===== Records provided =====
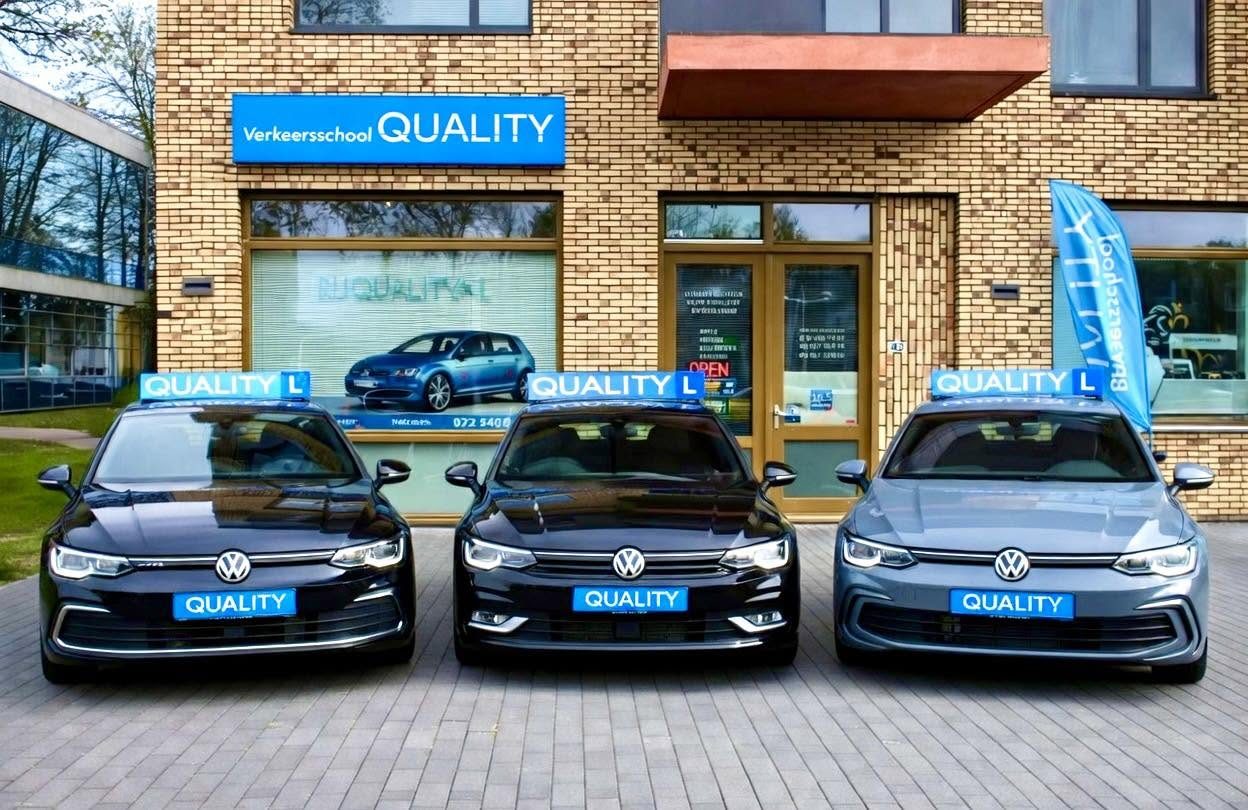 Drie Volkswagen Golf-lesauto's van Rijschool Quality met blauwe daklichtborden voor het pand aan de Vondelstraat in Alkmaar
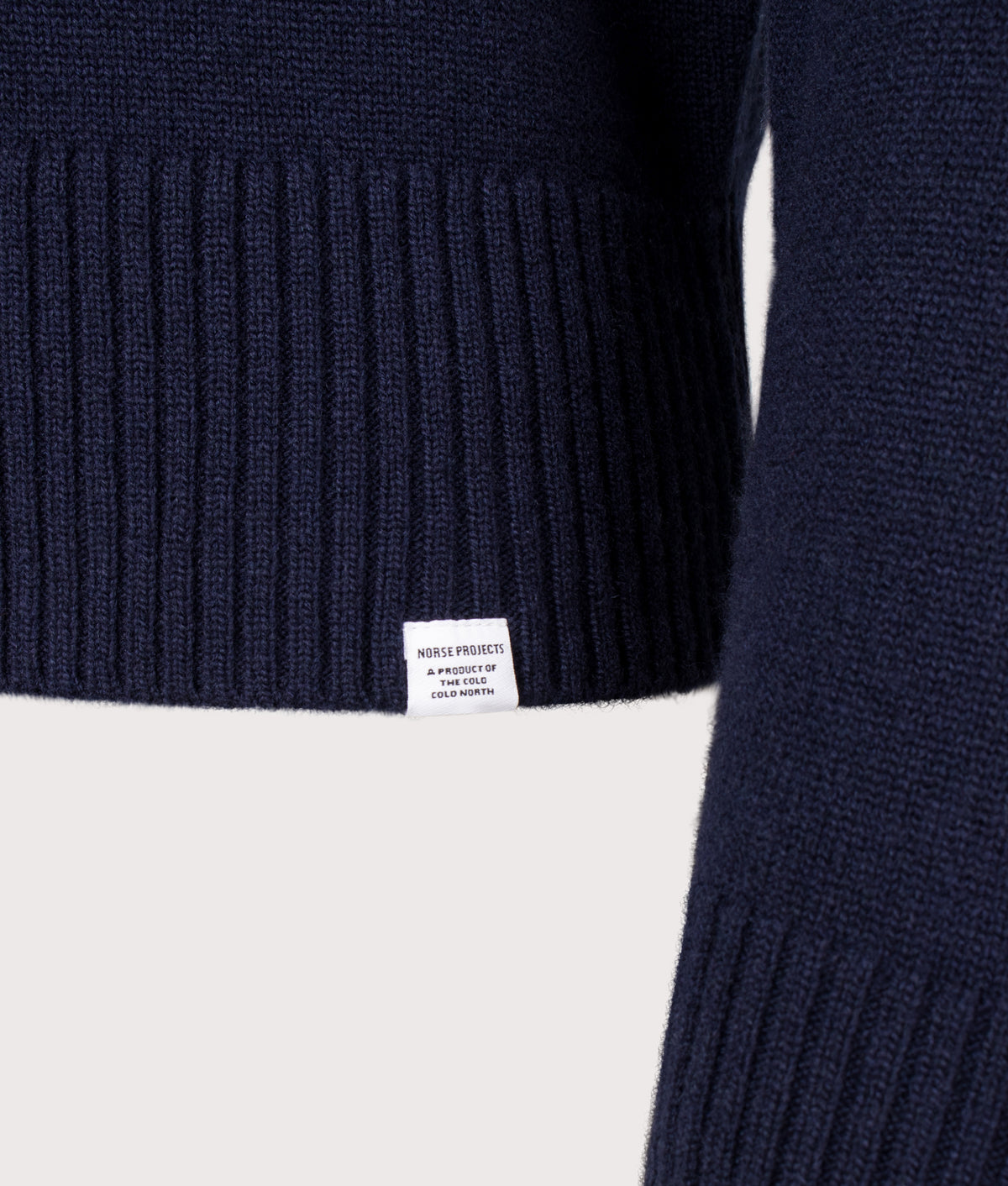 Norse Projects Stensmark Merino Lambswool Knit Jumper in Dark Navy at EQVVS Menswear. Detail shot.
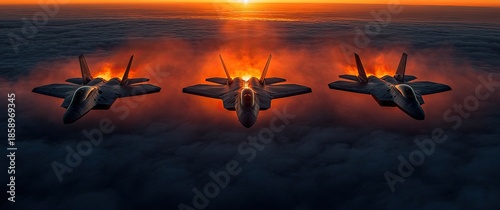 Three fighter jets soar above the clouds at sunset, leaving trails of fire and smoke, creating a dramatic and powerful aerial scene.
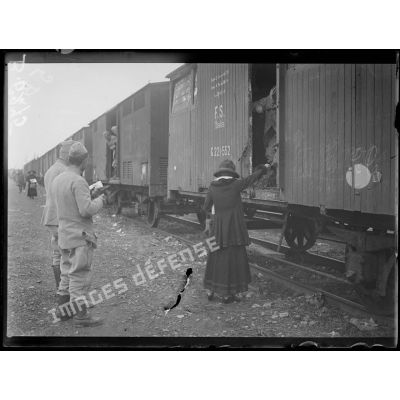 Près Milan. Passage d'un train de troupes françaises. Dame italienne offrant des friandises aux soldats. [légende d'origine]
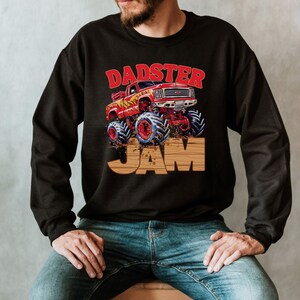 May include: Black sweatshirt featuring a graphic of a red monster truck with blue and red wheels, and the text "DADSTER JAM" in red and brown. The design has a vintage, cartoonish style.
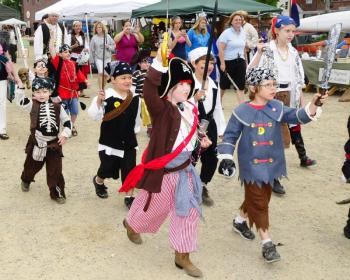Kid Pirates: Hundreds of children participate in the Damariscotta River Pirate Rendezvous, scheduled for June 20 in Damariscotta, helping to take over the town and find the hidden treasure. This group is part of the Pirate Kids Costume Contest. Courtesy of Ellie Busby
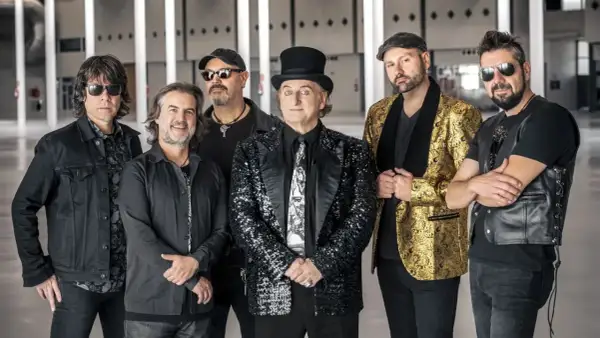 Los miembros de la Orquesta Mondragón posan juntos, listos para un concierto. El cantante principal lleva un sombrero de copa y un traje brillante.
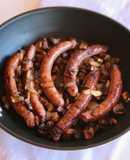 Salsitxes amb vi negre, ceba i pastanaga
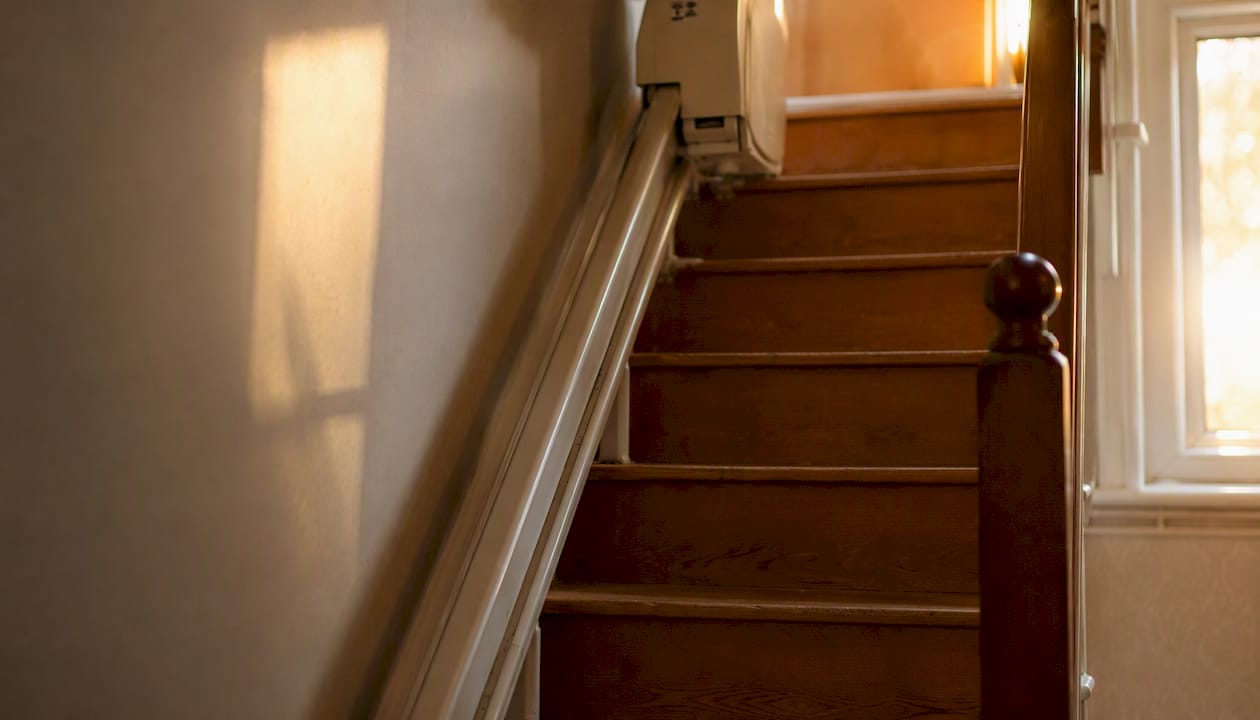 Close-up of stairlift rail reducing stair width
=====
Exercise instructions
The lines to set down run from the line with "Norse Projects Stensmark" up to and including the line with "Kid Pirates: Hundreds" in the entries above. Reproduce them exactly, with no pictures.

Solution
 Norse Projects Stensmark Merino Lambswool Knit Jumper in Dark Navy at EQVVS Menswear. Detail shot.
 Three fighter jets soar above the clouds at sunset, leaving trails of fire and smoke, creating a dramatic and powerful aerial scene.
 Près Milan. Passage d'un train de troupes françaises. Dame italienne offrant des friandises aux soldats. [légende d'origine]
 May include: Black sweatshirt featuring a graphic of a red monster truck with blue and red wheels, and the text "DADSTER JAM" in red and brown. The design has a vintage, cartoonish style.
Kid Pirates: Hundreds of children participate in the Damariscotta River Pirate Rendezvous, scheduled for June 20 in Damariscotta, helping to take over the town and find the hidden treasure. This group is part of the Pirate Kids Costume Contest. Courtesy of Ellie Busby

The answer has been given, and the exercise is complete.